Counting Distinct Records in SQL

The SQL language and its depths… Some of you readers might be aware of MySQL’s capability of counting distinct records through the COUNT() aggregate function. The MySQL documentation reads:

COUNT(DISTINCT expr,[expr...])

Returns a count of the number of rows with different non-NULL expr values.
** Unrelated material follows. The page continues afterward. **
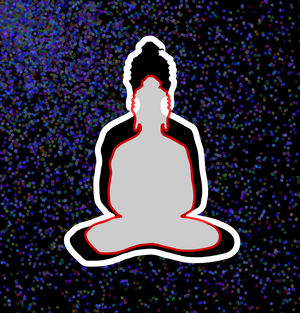 Fork of 5 Buddhas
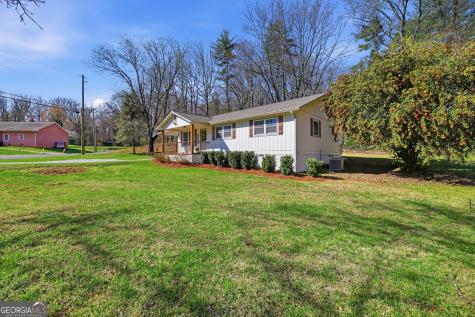 232 Stekoa Falls Road Clayton GA 30525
In other words, you can count distinct first and last names very easily:

SELECT COUNT(DISTINCT FIRST_NAME, LAST_NAME)
FROM CUSTOMERS

That’s quite useful, but MySQL-specific (although HSQLDB also supports this particular MySQL syntax). Most other databases, however, do not offer such a feature, even if the SQL-99 standard has specified it long ago:

6.16  <set function specification>

<set function specification> ::=
    COUNT <left paren> <asterisk> <right paren>
  | <general set function>

<general set function> ::=
    <set function type>
        <left paren> [ <set quantifier> ] 
            <value expression> <right paren>

<set function type> ::=
    <computational operation>

<computational operation> ::=
    AVG | MAX | MIN | SUM
  | EVERY | ANY | SOME
  | COUNT

<set quantifier> ::= DISTINCT | ALL

The above was later on merged into 10.9 <aggregate function>, in SQL:2011, with lots of other aggregate function types and features. Now, let’s have a look at 6.23 <value expression>:

6.23 <value expression>

<value expression> ::=
<numeric value expression>
| <string value expression>
| <datetime value expression>
| <interval value expression>
| <boolean value expression>
| <user-defined type value expression>
| <row value expression>                <-- RVE!
| <reference value expression>
| <collection value expression>

Interestingly, you can put a row value expression in some of your aggregate functions. There are additional restrictions, as you cannot SUM() or AVG() records, for instance. But with COUNT() and COUNT(DISTINCT ...) this makes perfect sense. So, according to the SQL standard (and according to HSQLDB’s alternative, and PostgreSQL’s main implementation, which unfortunately isn’t really documented), the following would be the correct way to count distinct first and last names in SQL:

SELECT COUNT(DISTINCT (FIRST_NAME, LAST_NAME))
FROM CUSTOMERS

… which makes perfect sense. Watch out when reading this. This isn’t a DISTINCT() function! This is the DISTINCT keyword applied to a row value expression. See some previous blog posts about row value expressions here:

jOOQ standardises various SQL dialects and hides the above behind the DSL.countDistinct() method.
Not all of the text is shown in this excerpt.